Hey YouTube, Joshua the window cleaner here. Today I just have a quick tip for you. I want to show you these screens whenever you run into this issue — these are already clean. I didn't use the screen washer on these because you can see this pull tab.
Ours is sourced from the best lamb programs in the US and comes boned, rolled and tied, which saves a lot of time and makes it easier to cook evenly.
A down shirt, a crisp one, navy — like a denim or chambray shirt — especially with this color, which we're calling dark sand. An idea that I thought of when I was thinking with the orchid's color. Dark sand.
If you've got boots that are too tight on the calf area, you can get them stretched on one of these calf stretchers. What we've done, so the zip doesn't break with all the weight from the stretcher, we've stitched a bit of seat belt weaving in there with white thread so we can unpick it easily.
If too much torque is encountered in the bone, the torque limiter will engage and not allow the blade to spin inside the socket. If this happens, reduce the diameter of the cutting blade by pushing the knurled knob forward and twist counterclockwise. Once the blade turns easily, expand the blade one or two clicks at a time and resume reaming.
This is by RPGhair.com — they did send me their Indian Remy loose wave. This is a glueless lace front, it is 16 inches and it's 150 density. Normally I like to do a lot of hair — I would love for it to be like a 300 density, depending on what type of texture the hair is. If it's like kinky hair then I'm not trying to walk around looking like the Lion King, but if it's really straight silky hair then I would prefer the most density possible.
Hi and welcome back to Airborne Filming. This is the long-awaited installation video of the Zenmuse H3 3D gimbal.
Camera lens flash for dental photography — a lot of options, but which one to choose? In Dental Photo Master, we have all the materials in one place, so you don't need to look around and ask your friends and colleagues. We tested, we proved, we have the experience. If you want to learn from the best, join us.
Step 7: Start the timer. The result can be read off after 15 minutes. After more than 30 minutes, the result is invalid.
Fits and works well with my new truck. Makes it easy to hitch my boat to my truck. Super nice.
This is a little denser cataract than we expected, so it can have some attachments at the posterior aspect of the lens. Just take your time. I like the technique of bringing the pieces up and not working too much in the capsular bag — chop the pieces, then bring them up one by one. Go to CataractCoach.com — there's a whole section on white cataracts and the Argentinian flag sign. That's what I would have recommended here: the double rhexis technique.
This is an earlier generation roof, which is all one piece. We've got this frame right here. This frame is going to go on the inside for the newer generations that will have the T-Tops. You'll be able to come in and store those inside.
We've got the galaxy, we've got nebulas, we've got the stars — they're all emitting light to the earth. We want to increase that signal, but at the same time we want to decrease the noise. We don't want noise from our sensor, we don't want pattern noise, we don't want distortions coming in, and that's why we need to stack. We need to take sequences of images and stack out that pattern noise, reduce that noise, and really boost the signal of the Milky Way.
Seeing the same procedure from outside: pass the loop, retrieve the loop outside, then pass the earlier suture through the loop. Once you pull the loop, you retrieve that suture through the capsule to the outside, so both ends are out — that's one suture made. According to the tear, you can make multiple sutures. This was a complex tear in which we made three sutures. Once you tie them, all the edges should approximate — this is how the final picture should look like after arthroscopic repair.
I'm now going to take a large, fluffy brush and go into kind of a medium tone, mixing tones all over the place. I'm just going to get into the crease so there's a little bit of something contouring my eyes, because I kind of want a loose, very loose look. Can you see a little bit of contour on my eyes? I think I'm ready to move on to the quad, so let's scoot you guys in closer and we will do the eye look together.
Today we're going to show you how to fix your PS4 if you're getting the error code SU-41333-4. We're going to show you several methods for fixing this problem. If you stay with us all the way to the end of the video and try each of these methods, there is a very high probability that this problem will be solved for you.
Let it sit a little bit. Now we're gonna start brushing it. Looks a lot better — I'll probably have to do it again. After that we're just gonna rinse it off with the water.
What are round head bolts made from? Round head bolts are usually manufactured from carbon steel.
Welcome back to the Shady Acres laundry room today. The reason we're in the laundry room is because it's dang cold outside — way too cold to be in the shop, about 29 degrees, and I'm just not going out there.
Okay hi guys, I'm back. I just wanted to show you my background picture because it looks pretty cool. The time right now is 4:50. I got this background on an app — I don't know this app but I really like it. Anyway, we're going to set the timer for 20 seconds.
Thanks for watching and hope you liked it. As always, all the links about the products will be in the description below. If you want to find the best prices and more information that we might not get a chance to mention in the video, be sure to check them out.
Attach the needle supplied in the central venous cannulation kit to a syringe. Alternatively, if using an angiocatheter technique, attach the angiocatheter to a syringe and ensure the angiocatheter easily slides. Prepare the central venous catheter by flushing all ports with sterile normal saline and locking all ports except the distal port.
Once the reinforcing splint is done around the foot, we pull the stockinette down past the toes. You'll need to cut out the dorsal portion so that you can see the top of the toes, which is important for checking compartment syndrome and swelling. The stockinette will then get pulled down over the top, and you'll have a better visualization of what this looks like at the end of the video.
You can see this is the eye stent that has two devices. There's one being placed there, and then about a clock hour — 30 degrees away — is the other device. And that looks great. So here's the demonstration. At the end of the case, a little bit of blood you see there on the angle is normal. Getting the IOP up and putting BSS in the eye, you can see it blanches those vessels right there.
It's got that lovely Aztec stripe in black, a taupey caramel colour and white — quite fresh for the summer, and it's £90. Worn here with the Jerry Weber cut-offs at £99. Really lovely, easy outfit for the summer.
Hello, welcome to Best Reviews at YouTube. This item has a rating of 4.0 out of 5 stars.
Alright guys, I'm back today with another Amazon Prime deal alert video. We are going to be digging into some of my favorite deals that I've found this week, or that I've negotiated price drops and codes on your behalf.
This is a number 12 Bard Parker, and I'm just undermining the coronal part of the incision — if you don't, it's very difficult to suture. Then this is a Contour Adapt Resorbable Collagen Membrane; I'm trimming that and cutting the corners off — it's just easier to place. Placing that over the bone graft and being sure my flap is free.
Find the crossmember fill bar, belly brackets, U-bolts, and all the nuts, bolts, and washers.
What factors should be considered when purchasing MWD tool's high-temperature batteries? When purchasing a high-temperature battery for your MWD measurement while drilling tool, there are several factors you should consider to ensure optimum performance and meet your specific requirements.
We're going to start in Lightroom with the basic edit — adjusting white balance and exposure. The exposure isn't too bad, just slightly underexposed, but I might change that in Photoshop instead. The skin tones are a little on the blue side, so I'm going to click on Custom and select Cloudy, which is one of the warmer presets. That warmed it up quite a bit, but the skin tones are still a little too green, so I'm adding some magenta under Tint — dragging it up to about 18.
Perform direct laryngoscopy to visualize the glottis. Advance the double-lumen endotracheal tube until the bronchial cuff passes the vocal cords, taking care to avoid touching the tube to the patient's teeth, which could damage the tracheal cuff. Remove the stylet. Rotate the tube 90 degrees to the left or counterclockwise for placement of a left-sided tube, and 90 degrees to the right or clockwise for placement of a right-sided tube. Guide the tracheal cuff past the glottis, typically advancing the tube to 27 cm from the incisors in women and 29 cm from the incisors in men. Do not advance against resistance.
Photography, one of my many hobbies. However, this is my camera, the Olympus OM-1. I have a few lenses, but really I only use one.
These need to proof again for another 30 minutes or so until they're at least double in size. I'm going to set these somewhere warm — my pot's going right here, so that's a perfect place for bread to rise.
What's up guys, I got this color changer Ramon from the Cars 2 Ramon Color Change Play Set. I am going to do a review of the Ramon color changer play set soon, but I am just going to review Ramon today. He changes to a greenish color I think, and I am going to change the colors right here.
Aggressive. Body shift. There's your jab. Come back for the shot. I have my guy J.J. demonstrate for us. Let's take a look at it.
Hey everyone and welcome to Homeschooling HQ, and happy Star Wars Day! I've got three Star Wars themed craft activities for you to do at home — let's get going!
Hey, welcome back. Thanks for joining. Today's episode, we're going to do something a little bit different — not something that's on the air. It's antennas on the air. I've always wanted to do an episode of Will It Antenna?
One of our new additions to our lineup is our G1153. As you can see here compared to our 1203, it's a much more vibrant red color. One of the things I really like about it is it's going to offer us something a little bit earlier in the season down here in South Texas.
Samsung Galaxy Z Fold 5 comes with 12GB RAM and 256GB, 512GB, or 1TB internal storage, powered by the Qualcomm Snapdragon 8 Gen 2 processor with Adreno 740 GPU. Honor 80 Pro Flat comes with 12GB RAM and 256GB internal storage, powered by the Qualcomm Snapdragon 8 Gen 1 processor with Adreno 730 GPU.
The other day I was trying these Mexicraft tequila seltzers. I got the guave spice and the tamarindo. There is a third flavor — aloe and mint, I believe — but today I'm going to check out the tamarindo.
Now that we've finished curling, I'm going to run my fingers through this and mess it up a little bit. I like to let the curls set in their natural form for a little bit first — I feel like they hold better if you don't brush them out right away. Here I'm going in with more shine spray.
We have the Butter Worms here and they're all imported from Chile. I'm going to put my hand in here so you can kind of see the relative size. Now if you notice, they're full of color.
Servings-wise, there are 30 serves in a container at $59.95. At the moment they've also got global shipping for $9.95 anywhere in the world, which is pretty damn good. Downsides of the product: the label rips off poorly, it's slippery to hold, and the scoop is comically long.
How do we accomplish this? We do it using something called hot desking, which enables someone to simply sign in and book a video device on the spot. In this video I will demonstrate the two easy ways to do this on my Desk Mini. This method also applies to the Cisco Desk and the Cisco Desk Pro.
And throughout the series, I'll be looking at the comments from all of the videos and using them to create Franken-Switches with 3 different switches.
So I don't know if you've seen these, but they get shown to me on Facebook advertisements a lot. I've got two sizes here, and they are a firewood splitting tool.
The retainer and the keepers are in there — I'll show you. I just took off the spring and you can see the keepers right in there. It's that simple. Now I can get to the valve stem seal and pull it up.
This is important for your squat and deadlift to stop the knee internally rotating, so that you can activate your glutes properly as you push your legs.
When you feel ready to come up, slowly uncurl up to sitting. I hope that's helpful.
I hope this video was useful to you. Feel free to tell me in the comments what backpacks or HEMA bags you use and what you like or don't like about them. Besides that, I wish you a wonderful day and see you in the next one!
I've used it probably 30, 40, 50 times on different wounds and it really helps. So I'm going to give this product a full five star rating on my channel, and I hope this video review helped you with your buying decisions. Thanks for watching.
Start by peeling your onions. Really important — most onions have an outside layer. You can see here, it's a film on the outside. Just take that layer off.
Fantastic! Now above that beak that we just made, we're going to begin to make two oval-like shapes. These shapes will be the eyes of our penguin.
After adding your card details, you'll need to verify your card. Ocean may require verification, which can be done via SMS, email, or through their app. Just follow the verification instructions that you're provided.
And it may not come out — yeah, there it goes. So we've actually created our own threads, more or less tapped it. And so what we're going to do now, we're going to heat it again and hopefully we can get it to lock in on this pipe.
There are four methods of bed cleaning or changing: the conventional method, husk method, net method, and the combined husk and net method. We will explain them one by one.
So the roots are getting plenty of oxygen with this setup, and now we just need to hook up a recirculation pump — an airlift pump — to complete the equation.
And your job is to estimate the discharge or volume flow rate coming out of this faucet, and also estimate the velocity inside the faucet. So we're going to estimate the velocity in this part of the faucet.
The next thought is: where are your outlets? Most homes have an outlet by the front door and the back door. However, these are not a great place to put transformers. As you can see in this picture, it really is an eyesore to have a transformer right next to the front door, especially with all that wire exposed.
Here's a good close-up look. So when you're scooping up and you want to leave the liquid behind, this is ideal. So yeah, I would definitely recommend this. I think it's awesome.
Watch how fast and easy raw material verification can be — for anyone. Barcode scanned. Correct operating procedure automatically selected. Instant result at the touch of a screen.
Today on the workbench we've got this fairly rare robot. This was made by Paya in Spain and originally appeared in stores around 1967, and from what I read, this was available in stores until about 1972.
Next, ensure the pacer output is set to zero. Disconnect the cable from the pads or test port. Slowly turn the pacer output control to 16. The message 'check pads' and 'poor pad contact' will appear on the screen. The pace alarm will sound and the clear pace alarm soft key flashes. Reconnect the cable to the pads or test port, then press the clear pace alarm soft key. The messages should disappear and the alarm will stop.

- _EXERCISE_: Produce only the lines from the line containing "Today we're going" through the line containing "Thanks for watching and", inclusive of both, exactly as they stand in the entries above.

- _RESPONSE BELOW_:
Today we're going to show you how to fix your PS4 if you're getting the error code SU-41333-4. We're going to show you several methods for fixing this problem. If you stay with us all the way to the end of the video and try each of these methods, there is a very high probability that this problem will be solved for you.
Let it sit a little bit. Now we're gonna start brushing it. Looks a lot better — I'll probably have to do it again. After that we're just gonna rinse it off with the water.
What are round head bolts made from? Round head bolts are usually manufactured from carbon steel.
Welcome back to the Shady Acres laundry room today. The reason we're in the laundry room is because it's dang cold outside — way too cold to be in the shop, about 29 degrees, and I'm just not going out there.
Okay hi guys, I'm back. I just wanted to show you my background picture because it looks pretty cool. The time right now is 4:50. I got this background on an app — I don't know this app but I really like it. Anyway, we're going to set the timer for 20 seconds.
Thanks for watching and hope you liked it. As always, all the links about the products will be in the description below. If you want to find the best prices and more information that we might not get a chance to mention in the video, be sure to check them out.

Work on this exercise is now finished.